Saved data entries:
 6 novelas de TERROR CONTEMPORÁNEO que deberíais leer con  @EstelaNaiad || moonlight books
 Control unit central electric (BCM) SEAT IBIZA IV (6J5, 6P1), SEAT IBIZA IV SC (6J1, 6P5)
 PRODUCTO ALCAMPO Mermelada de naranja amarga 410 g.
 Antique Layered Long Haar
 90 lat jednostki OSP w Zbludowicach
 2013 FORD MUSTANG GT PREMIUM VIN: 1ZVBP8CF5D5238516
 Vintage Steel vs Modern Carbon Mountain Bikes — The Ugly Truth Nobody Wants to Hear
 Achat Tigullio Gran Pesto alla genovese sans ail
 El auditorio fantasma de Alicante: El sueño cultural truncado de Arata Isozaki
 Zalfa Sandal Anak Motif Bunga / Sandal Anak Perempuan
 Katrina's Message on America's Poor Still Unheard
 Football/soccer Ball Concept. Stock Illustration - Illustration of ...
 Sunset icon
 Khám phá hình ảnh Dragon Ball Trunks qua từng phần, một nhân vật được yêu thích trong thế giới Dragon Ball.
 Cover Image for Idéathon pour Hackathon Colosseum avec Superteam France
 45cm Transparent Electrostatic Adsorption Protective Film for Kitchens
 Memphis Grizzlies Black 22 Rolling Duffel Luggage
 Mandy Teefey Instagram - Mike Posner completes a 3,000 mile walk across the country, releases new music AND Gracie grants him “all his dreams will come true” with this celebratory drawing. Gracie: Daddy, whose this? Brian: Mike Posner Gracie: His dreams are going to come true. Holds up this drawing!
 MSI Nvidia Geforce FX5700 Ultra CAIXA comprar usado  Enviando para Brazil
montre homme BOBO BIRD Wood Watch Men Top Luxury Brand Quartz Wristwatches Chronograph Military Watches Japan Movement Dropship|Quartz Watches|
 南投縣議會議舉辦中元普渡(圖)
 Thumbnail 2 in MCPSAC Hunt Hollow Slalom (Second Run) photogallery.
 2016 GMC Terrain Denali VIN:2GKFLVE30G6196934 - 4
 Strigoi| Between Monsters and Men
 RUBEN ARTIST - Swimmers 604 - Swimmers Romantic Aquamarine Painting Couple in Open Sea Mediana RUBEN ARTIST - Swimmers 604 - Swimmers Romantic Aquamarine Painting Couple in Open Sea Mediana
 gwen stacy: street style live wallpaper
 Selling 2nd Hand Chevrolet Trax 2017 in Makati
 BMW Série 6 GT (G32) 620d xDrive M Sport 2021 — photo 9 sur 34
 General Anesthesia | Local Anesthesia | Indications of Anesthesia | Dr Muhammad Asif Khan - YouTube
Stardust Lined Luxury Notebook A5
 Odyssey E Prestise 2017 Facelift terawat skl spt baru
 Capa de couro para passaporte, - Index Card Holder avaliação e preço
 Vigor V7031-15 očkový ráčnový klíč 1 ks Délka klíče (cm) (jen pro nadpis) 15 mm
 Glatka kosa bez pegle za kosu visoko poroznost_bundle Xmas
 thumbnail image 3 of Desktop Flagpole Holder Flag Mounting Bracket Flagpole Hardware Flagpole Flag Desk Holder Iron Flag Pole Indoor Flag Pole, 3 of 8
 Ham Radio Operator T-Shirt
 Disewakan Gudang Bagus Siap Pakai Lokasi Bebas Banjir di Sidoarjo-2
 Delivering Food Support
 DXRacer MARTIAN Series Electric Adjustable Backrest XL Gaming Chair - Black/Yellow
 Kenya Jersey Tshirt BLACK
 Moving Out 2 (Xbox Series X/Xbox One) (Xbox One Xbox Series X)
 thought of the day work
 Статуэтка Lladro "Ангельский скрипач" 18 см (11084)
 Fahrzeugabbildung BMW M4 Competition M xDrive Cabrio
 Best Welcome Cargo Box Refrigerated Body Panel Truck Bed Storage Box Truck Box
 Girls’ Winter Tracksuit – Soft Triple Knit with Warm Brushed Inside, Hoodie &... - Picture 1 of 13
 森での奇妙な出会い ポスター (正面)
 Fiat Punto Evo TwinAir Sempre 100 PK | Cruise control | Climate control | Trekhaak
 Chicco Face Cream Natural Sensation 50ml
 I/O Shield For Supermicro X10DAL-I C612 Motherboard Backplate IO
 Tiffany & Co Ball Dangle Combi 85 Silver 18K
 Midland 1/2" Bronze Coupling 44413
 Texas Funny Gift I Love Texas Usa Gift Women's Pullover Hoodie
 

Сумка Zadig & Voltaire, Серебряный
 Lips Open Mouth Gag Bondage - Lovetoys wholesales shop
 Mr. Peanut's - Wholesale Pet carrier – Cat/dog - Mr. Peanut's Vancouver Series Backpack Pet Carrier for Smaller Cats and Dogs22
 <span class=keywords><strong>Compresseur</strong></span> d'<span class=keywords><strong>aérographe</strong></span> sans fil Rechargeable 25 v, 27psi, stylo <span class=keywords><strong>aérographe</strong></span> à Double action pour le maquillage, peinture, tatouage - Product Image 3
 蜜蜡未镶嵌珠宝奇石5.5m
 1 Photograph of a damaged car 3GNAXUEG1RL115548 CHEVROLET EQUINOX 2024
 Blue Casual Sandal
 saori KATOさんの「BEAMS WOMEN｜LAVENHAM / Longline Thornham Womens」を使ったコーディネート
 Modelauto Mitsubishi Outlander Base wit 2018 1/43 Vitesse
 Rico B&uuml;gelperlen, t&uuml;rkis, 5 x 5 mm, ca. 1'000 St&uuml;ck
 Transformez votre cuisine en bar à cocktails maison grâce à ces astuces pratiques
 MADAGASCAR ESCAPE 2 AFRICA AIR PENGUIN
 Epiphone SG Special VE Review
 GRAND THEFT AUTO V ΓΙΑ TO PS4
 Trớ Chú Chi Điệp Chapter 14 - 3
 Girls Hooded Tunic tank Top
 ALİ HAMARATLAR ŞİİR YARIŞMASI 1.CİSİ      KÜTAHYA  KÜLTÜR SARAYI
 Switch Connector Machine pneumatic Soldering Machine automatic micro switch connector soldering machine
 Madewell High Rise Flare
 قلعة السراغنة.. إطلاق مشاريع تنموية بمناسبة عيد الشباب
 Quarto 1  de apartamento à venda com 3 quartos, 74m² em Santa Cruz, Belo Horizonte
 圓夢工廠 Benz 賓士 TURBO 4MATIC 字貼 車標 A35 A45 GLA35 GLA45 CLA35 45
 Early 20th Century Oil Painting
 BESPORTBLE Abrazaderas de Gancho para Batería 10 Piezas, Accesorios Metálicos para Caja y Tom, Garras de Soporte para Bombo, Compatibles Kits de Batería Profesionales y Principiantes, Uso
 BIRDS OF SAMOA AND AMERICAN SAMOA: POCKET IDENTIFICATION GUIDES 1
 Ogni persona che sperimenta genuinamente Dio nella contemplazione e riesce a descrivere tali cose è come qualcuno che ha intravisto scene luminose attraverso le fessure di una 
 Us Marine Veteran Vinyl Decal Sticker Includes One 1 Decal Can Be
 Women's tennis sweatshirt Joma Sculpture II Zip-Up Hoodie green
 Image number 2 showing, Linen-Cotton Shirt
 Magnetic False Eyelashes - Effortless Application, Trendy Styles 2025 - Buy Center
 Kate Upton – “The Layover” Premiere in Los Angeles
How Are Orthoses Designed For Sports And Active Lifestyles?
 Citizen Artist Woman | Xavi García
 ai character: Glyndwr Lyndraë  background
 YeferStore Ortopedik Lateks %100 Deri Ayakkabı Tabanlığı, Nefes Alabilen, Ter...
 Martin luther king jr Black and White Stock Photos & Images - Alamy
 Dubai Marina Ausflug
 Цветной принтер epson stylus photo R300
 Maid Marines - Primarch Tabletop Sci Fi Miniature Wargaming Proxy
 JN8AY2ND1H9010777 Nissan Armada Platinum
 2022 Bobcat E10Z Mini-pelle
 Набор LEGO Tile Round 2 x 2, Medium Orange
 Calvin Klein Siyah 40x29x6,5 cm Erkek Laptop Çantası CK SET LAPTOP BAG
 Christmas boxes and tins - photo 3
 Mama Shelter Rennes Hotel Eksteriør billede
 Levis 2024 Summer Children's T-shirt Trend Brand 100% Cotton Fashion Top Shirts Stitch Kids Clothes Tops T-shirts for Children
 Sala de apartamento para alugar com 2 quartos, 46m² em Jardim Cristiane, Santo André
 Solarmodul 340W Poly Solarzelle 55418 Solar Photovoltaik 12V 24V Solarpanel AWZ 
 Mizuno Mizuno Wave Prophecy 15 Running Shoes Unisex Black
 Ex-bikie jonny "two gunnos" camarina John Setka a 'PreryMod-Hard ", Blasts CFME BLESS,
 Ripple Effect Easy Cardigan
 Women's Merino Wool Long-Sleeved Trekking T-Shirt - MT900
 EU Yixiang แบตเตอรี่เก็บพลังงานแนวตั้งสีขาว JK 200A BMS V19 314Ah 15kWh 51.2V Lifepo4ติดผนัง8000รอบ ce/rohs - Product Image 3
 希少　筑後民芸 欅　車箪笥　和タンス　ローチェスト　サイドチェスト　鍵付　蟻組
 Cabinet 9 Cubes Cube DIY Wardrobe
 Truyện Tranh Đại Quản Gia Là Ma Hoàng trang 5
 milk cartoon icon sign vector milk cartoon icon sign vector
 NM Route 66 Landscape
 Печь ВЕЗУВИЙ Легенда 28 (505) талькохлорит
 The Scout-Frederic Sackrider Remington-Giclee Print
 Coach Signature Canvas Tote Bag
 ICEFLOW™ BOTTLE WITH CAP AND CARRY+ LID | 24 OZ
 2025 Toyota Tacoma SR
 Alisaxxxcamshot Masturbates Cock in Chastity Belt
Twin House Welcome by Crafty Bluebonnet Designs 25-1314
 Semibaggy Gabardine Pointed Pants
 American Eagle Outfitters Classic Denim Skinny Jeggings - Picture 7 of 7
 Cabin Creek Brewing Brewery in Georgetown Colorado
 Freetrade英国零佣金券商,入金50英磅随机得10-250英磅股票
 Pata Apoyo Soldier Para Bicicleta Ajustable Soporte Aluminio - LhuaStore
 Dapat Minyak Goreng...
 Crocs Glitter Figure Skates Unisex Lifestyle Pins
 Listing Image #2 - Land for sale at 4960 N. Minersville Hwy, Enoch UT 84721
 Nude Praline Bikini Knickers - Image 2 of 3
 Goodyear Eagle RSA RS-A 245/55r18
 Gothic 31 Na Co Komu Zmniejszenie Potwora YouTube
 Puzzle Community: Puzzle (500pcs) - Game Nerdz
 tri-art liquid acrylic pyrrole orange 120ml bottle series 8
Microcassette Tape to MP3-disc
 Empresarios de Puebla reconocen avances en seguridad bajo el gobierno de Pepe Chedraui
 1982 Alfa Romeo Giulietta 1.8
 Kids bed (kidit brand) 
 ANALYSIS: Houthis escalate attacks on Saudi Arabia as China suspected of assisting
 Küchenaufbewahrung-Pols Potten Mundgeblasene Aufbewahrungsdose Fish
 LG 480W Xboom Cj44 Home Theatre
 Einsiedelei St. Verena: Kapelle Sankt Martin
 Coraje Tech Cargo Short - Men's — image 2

**EXERCISE GOAL**
Reproduce, word for word, the lines of the data from the one that contains "Microcassette Tape to MP3-disc" to the end, both ends included.

**EXPECTED OUTPUT**
Microcassette Tape to MP3-disc
 Empresarios de Puebla reconocen avances en seguridad bajo el gobierno de Pepe Chedraui
 1982 Alfa Romeo Giulietta 1.8
 Kids bed (kidit brand) 
 ANALYSIS: Houthis escalate attacks on Saudi Arabia as China suspected of assisting
 Küchenaufbewahrung-Pols Potten Mundgeblasene Aufbewahrungsdose Fish
 LG 480W Xboom Cj44 Home Theatre
 Einsiedelei St. Verena: Kapelle Sankt Martin
 Coraje Tech Cargo Short - Men's — image 2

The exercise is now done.